Transcribe all of the data exactly. Omit the pictures.

- **SUPPLIED INFORMATION**

•••

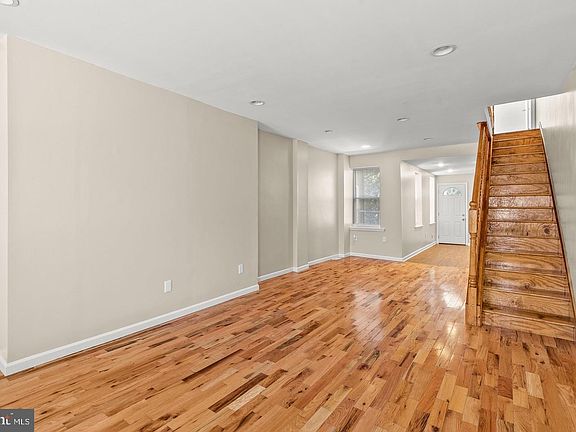 3rd image of 2512 N Marshall St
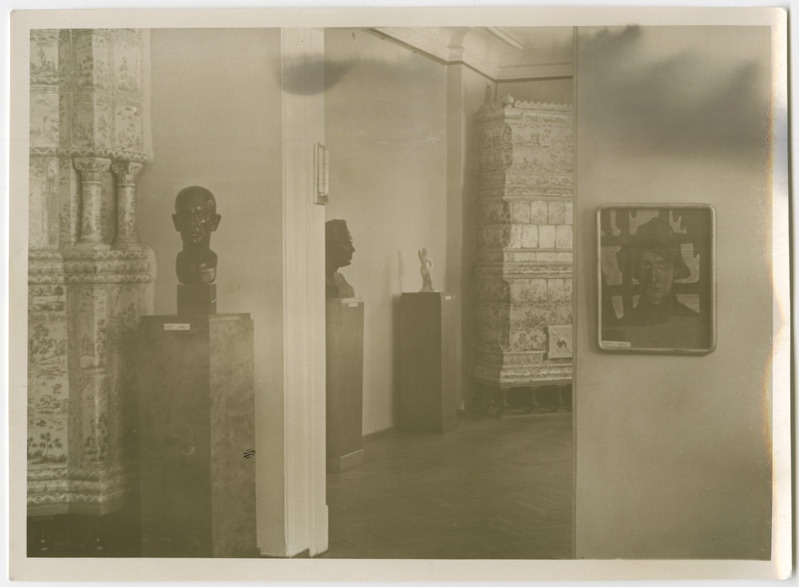 Herman Halliste teosed näitusel Kadrioru lossis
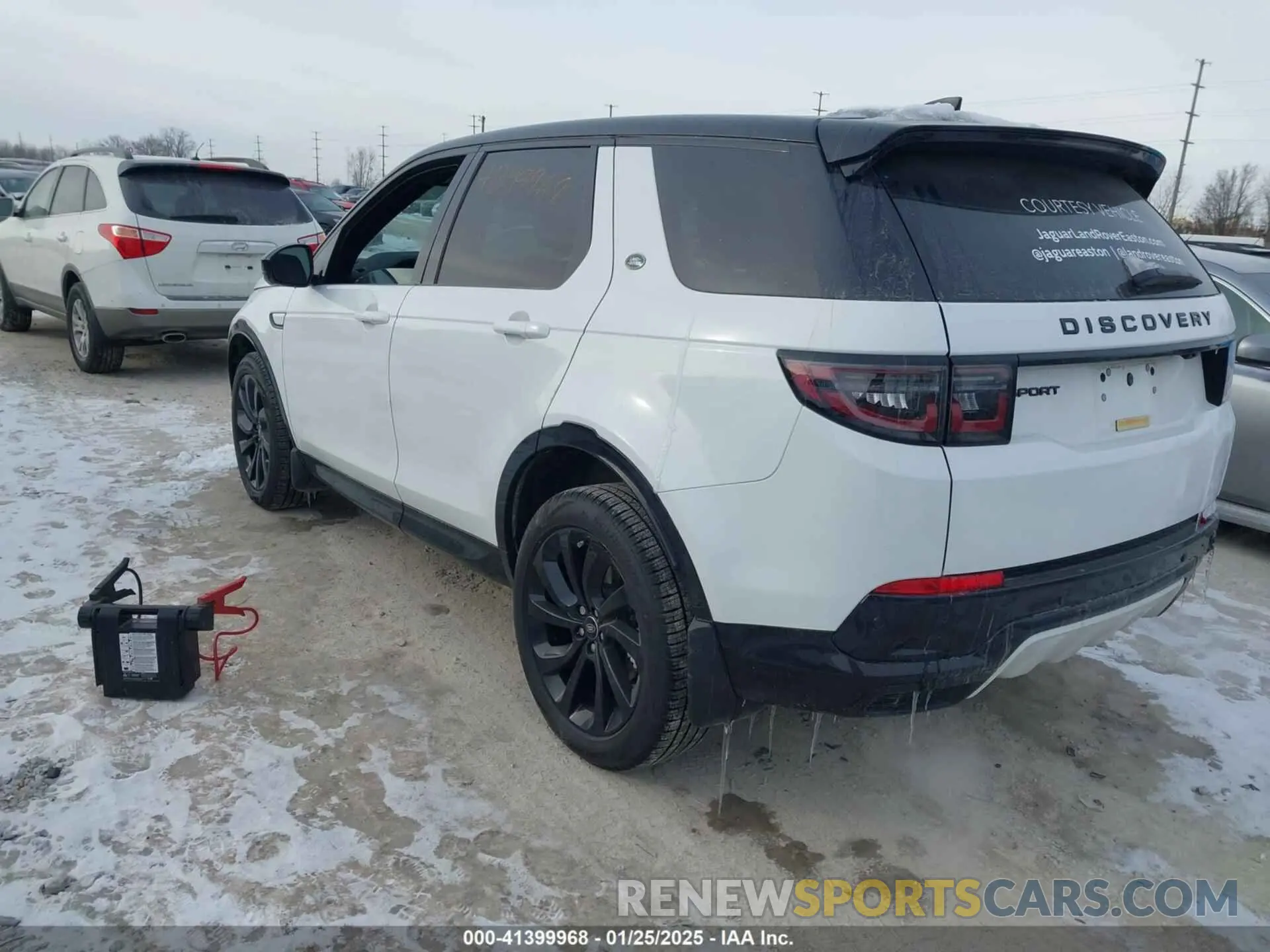 3 fotografías del automóvil dañado SALCL2FX0RH351888 LAND ROVER DISCOVERY SPORT 2024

•••

- **REPLY**
 3rd image of 2512 N Marshall St
 Herman Halliste teosed näitusel Kadrioru lossis
 3 fotografías del automóvil dañado SALCL2FX0RH351888 LAND ROVER DISCOVERY SPORT 2024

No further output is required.